With scores of small businesses in dire straits due to the coronavirus lockdown, the $349 billion bailout designed to help them was raided by public companies and hedge funds.
According to the Financial Times, over 80 publicly listed companies tapped the Paycheck Protection Program (PPP), which ran out of funds last week. The most prominent public company to take the funds was Shake Shack, which sparked backlash after receiving $10 million in PPP funds through JPMorgan.
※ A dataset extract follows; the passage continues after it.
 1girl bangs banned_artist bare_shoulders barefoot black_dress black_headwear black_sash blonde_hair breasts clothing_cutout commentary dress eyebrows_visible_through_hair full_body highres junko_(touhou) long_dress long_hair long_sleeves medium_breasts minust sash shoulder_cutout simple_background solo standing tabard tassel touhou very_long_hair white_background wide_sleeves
Perhaps sensing pitchforks, the company announced on Monday that it would be returning the funds.
JPMorgan separately announced that it's working with the Treasury department to adjust the distribution qualifications for the next round of PPP stimulus in order to 'end loopholes allowing major restaurant chains and hedge funds' to access the next virus aid package.
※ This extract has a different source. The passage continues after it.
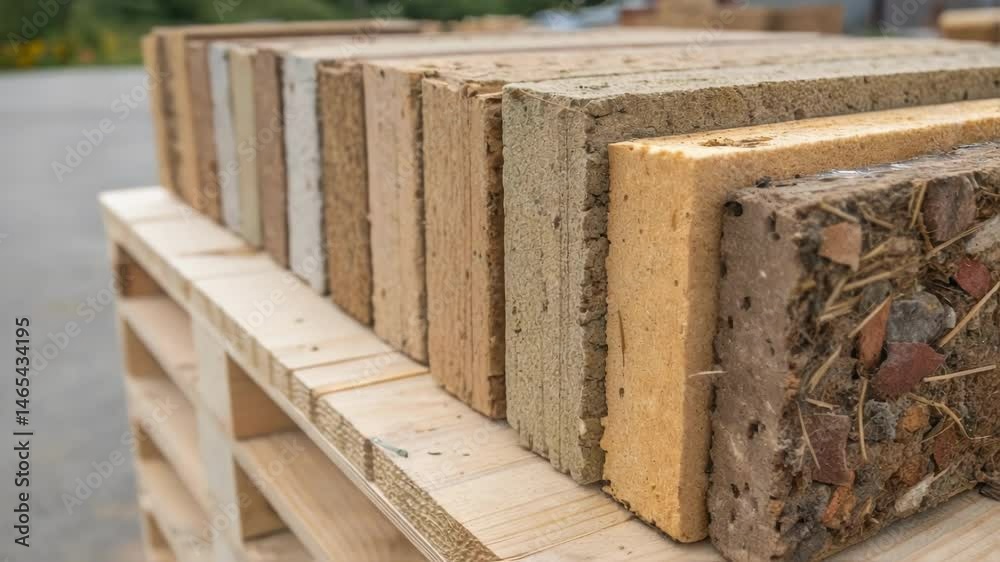 Aufkleber A closeup of a biodegradable formwork piece in a variety of earthy tones capturing the aesthetic qualities and versatility of sustainable construction materials.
Another company which tapped into the PPP was Ohio-based biotech Athersys, which received $1 million through the program despite raising nearly $60 million in a Monday stock offering after its shares have nearly doubled YTD. Meanwhile Nikola Motor - backed by Fidelity and hedge fund ValueAct, announced a $4 billion valuation in early March when it announced a merger with VectoIQ. The company borrowed $4 million from the PPP according to a disclosure.
Ruth's Chris steakhouse made $42 million in profit on $468 million in revenue last year, yet tapped $20 million from the PPP.
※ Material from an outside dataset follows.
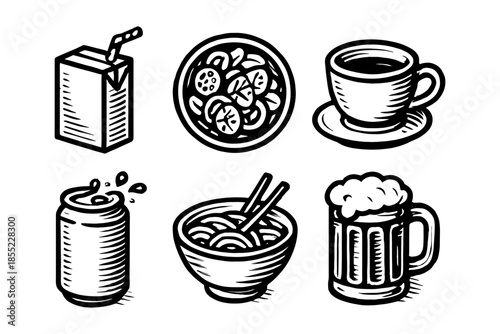 Hand drawn beverage and food set: juice, salad, coffee, soda, ramen, beer mug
Some companies have already shown an ability to raise money in the public markets despite the coronavirus lockdowns. One recipient, the electric truck start-up Nikola Motor, is in the throes of a merger with a public company that values it at $4bn.
The disclosures, which included more than a dozen filed on Monday alone, will sharpen discussion in Washington about the design of the bailout scheme, known as the Paycheck Protection Program, which was intended to help ordinary businesses keep employees on payroll and to meet basic operating expenses. -Financial Times
Lawmakers are expected to add hundreds of billions of dollars to the fund this week - however there have been calls for greater oversight and clear rules defining who can access the loans, which carry an interest rate of just 1% and turn into grants if businesses retain a certain percentage of employees.
"Public companies that have access to other sources of money should not be using this," said University of Delaware corporate governance expert Charles Elson. "Small businesses need this pot to survive."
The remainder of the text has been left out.